Work request: From the line containing "日本樱花3-20分，各种规格，大量低价出售" to the line containing "Bulbs & Tubers" in the records below, set down every line exactly as it stands, both ends included, and skip the pictures.

Records for processing:
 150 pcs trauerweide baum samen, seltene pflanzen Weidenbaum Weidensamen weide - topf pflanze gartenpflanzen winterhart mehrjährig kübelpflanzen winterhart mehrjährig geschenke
==
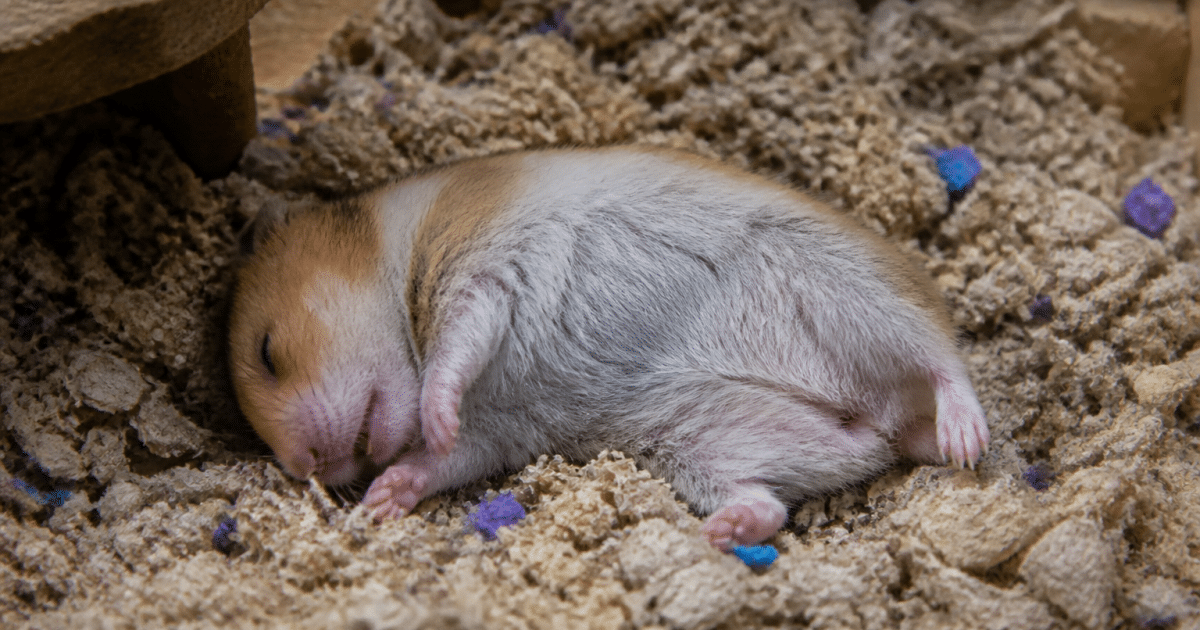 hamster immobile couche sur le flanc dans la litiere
---
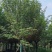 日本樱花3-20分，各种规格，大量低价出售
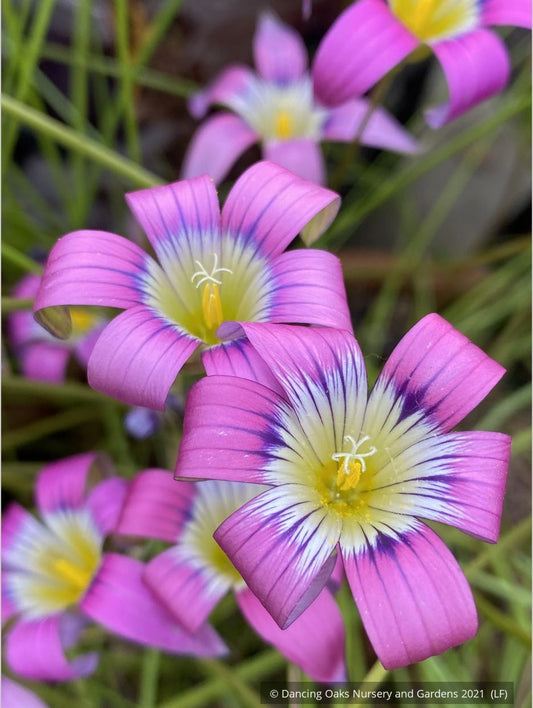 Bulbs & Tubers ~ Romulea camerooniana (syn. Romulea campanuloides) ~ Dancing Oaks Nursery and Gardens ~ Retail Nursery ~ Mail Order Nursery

Response:
 日本樱花3-20分，各种规格，大量低价出售
 Bulbs & Tubers ~ Romulea camerooniana (syn. Romulea campanuloides) ~ Dancing Oaks Nursery and Gardens ~ Retail Nursery ~ Mail Order Nursery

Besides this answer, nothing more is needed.